Sergi, 36 ans, est originaire de cette ville industrielle qui comptait 100 000 habitants avant la guerre. Il y a vécu toute sa vie. Journaliste à la télévision locale, il a dû fuir avec toute sa famille, après le bombardement de son appartement. Il y a quelques jours, pour la première fois, il est retourné dans la ville voisine de Lyssytchansk. De ses hauteurs, il pouvait voir sa propre ville partir en fumée. « J’ai essayé d’aller me recueillir sur la tombe de mon frère, à Siversk, juste à côté, mais j’ai dû faire demi-tour. Il y a des bombardements en continu, il n’y a que des cratères d’obus là où il y avait des cerisiers en fleurs, il y a un an. »

Sergi n’a pourtant rien perdu de sa foi en la victoire ukrainienne. « Ce n’est ni de l’espoir ni un vœu pieux, je sais que nous allons gagner », dit-il.

Les Russes ne se battent pas seulement contre l’armée ukrainienne, mais contre tout un peuple. L’échec de la guerre de Poutine en Ukraine marquera la chute de l’empire russe.

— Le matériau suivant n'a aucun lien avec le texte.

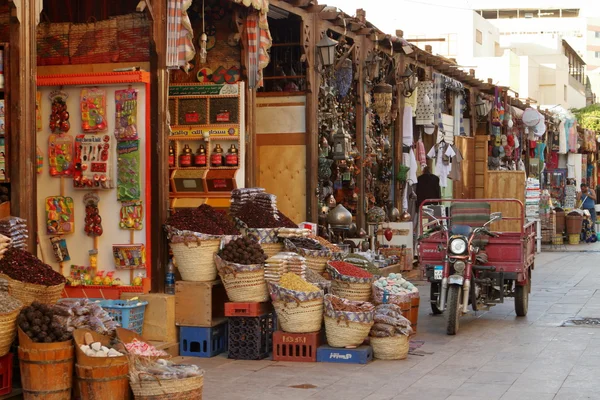 The Oriental Market of Aswan in Egypt — Stock Photo, Image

Sergi, originaire de Sievierodonetsk

Ils sont nombreux à penser comme lui que l’issue de la guerre leur sera favorable. Olekseï, 43 ans, a troqué sa casquette de directeur d’un studio de danse, à Sloviansk, contre celle de coursier entre le front et l’arrière. Plusieurs fois par semaine, il entreprend la longue route jusqu’à Dnipro, la plus grande ville à l’ouest du Donbass, pour récupérer du matériel à destination des soldats sur le front.

En 2014, lorsque Sloviansk avait été occupé par les séparatistes prorusses pendant quelques mois, il avait quitté la ville. Pas cette fois. « Les choses ont bien changé depuis 2014, plus personne ne voit la Russie comme un pays frère. Ils pensaient être accueillis avec des fleurs, mais ils ont été accueillis par des tanks. Leur armée est au bout du rouleau », veut croire Olekseï.

PHOTO HUGO LAUTISSIER, COLLABORATION SPÉCIALE

Ivan, 32 ans et Nina, 30 ans, exploitent le dernier café de Sloviansk.

À Sloviansk, dans le dernier café encore ouvert de la ville, Ivan, 32 ans et Nina, 30 ans, les propriétaires, croient aussi dur comme fer à une victoire de l’armée ukrainienne. La ville est un objectif militaire et symbolique pour Moscou dont les troupes se rapprochent, à moins de 30 km.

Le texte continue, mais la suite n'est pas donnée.